The 0xAC error in this context is a synchronization failure.

When ConfigurationMgr().InitiateFactoryReset() is called, the Matter stack (connectedhomeip) calls internal::ESP32Utils::ClearNVSKeys(). However, depending on your partitions.csv layout and how OpenThread was initialized (specifically if CONFIG_OPENTHREAD_SETTINGS_RAM is disabled and it uses NVS), remnants of the Thread network info can remain.

By validating the dataset on boot and ensuring a full NVS erase (or using idf.py erase-flash during development), you force the OpenThread stack to start with a OT_ERROR_NOT_FOUND on its dataset.

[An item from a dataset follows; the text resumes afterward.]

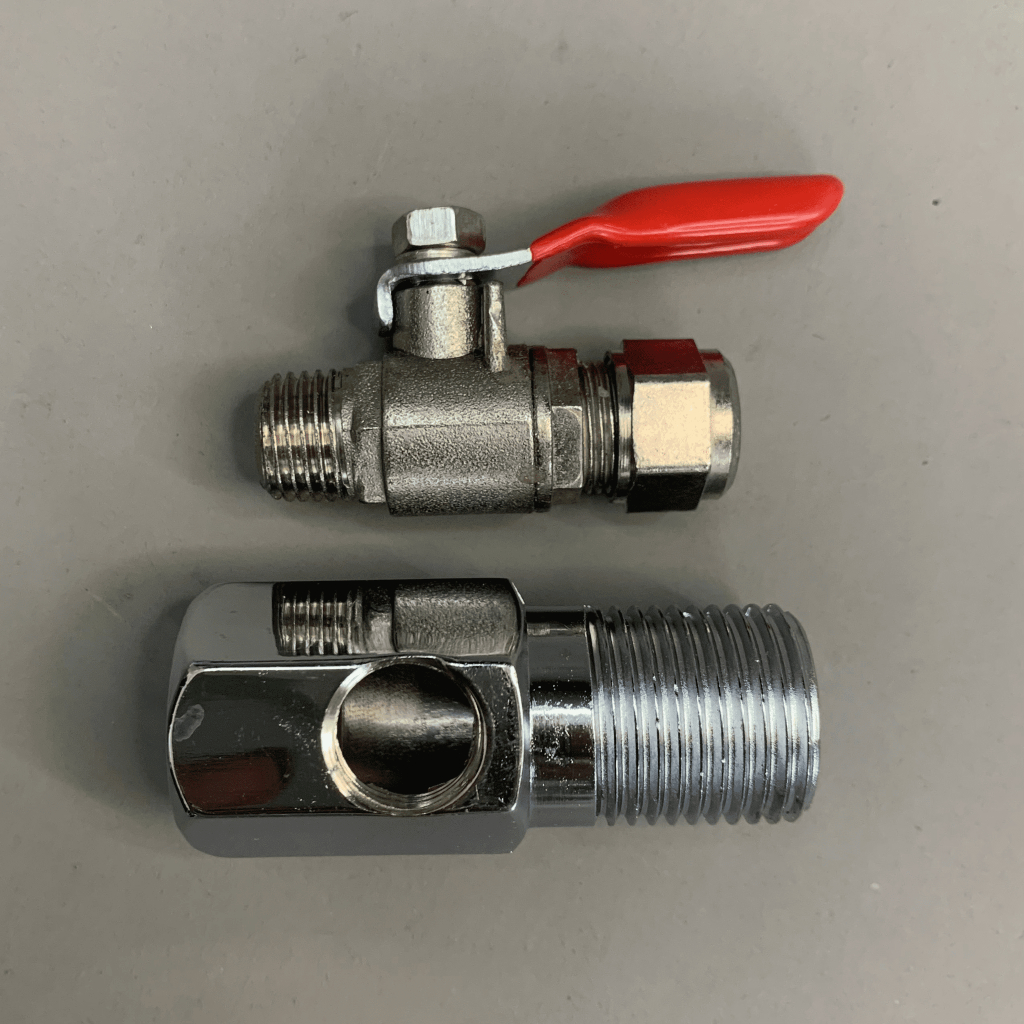 Khóa Chia Nước Inox Hoặc Nhựa Đầu Vào Ren 21 Đầu Ra Cắm Nhanh Phi 6 Phi 10 Cho Máy Lọc Nước RO Nano UF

When the commissioning process reaches the Thread Provisioning stage, the device will immediately accept the new Operational Dataset provided by the phone/commissioner, attach to the correct Border Router, and successfully broadcast its mDNS service.

Summary

  1. Stop guessing. 0xAC usually means your device is on the wrong Thread network.
  2. Verify NVS. During development, always use idf.py -p PORT erase-flash before flashing if you encounter commissioning issues.
  3. Code for Resilience. Implement the LogThreadDataset function to verify your device's state on boot. If you see a Network Name you didn't expect, your reset logic is failing.